> **Records**
== Segment start ==
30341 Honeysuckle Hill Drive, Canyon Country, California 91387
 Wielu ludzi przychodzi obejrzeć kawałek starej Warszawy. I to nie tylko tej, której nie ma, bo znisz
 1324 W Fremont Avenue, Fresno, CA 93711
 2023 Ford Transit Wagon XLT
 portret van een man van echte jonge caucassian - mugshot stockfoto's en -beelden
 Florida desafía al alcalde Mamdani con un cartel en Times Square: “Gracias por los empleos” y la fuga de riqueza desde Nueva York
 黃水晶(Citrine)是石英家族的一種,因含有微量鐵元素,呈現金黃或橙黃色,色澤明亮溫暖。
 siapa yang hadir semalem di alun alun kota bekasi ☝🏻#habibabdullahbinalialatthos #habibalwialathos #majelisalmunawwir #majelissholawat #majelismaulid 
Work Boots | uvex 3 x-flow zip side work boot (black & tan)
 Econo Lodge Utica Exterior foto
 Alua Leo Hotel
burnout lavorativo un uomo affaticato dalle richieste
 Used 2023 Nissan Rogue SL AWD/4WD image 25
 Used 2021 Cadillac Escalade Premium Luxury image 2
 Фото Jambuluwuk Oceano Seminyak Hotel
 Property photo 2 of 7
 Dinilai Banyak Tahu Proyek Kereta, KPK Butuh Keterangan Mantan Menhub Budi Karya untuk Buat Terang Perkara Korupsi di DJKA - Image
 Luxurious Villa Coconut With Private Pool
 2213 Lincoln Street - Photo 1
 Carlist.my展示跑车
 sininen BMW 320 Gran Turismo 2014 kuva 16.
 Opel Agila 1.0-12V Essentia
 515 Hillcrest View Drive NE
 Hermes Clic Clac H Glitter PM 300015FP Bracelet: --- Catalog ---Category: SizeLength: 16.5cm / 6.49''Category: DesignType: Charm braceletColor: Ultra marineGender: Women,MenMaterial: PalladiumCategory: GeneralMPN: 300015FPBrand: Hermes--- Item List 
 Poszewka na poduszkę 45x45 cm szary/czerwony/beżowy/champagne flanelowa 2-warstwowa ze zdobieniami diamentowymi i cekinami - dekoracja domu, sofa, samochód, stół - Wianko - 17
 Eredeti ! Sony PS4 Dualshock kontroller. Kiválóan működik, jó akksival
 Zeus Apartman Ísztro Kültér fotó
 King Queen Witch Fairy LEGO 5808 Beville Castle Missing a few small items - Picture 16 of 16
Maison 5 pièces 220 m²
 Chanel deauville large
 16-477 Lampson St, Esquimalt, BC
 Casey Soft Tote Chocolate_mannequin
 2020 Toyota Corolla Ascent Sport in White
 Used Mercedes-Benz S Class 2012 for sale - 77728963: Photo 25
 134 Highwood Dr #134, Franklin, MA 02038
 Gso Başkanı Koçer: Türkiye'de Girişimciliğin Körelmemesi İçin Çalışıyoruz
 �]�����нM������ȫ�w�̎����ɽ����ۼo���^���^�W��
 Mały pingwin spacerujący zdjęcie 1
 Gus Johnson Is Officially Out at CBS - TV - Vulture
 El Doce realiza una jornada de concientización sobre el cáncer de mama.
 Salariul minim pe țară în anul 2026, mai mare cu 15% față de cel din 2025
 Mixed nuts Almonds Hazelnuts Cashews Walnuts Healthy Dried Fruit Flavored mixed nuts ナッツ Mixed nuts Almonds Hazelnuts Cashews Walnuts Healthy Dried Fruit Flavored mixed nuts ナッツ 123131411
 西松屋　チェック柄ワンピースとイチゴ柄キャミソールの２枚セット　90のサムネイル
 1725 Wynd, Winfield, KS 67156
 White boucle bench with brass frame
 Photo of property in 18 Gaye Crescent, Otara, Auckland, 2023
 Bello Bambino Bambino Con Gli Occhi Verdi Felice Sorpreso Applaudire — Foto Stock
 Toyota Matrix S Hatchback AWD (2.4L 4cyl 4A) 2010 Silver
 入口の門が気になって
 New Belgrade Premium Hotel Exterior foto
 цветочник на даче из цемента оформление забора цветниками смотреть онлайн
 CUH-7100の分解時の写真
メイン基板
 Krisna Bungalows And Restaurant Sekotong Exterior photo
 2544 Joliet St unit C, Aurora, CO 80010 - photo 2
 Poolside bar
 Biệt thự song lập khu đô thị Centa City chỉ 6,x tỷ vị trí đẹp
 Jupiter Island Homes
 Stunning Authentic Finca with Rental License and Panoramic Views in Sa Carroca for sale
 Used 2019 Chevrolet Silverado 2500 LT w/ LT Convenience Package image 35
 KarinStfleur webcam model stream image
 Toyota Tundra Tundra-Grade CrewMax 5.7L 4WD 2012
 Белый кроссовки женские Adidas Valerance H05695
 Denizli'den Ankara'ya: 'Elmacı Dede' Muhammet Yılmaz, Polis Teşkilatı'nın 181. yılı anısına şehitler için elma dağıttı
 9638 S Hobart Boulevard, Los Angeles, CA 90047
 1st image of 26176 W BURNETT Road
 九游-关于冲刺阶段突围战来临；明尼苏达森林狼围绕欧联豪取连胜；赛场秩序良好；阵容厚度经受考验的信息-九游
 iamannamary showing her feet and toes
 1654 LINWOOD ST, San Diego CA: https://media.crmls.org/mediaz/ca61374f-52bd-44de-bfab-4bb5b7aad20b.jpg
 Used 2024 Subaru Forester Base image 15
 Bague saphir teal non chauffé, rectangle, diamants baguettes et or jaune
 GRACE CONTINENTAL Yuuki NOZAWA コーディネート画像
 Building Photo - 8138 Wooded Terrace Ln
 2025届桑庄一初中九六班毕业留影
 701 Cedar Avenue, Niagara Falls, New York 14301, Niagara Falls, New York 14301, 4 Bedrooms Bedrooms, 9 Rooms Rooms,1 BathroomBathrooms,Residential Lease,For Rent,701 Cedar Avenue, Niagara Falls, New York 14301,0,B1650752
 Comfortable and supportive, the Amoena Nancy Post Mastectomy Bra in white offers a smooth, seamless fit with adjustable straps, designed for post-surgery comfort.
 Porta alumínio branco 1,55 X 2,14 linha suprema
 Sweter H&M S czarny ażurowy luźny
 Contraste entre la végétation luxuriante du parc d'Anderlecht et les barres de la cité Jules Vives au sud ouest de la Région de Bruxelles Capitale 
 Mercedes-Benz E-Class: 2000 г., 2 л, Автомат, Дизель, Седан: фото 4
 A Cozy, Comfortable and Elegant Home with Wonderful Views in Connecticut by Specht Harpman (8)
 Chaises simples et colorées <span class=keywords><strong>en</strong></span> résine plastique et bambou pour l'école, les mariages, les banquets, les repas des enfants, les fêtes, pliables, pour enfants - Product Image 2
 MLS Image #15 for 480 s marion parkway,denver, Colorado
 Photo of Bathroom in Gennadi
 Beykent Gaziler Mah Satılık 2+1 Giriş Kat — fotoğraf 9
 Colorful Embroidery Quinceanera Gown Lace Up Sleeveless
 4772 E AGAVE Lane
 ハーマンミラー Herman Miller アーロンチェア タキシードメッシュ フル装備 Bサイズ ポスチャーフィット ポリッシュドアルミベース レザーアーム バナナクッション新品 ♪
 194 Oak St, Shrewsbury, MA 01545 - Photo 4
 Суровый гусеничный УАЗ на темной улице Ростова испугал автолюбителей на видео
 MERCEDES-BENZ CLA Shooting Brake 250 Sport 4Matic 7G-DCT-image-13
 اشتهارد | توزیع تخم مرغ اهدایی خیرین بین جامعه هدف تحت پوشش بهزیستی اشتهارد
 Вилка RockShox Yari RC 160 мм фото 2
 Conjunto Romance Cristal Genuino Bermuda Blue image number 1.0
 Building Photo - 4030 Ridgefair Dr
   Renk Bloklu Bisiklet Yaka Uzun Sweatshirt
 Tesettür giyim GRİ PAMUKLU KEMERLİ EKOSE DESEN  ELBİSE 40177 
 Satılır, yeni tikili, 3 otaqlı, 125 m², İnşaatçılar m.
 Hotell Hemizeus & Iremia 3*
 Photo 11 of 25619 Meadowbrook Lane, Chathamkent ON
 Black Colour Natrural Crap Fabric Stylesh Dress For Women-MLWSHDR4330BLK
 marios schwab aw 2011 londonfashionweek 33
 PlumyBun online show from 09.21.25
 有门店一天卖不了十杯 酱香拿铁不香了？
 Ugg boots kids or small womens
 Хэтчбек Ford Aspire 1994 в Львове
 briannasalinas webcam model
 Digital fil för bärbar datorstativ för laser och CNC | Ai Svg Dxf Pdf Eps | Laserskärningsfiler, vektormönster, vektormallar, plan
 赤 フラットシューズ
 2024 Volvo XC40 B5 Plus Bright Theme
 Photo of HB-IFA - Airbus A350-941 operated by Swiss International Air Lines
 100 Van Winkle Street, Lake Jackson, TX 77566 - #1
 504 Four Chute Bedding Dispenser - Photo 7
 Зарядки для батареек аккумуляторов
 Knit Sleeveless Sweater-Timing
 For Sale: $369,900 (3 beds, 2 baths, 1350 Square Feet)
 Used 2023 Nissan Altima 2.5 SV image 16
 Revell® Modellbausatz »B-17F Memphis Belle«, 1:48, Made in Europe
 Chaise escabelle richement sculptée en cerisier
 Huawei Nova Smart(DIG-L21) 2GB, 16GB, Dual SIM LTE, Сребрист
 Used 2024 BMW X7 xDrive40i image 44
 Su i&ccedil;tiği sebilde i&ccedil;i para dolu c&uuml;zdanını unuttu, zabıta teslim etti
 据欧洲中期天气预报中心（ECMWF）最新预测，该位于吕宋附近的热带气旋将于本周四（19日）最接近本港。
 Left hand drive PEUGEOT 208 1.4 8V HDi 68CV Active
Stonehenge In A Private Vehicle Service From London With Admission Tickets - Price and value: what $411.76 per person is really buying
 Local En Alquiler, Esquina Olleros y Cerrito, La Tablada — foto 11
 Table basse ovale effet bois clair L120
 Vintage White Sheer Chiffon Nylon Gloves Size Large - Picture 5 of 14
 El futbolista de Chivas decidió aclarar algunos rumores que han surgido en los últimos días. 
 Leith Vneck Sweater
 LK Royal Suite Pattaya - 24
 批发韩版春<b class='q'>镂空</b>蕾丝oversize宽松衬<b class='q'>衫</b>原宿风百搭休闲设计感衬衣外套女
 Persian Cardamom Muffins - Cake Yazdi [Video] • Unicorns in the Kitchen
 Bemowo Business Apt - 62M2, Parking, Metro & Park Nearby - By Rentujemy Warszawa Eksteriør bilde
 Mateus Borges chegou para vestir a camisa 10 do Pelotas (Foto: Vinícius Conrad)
== Segment end ==
> **Activity**
Go through the data and return each line where the word "Sweater" appears.

> **Exercise response**
 Knit Sleeveless Sweater-Timing
 Leith Vneck Sweater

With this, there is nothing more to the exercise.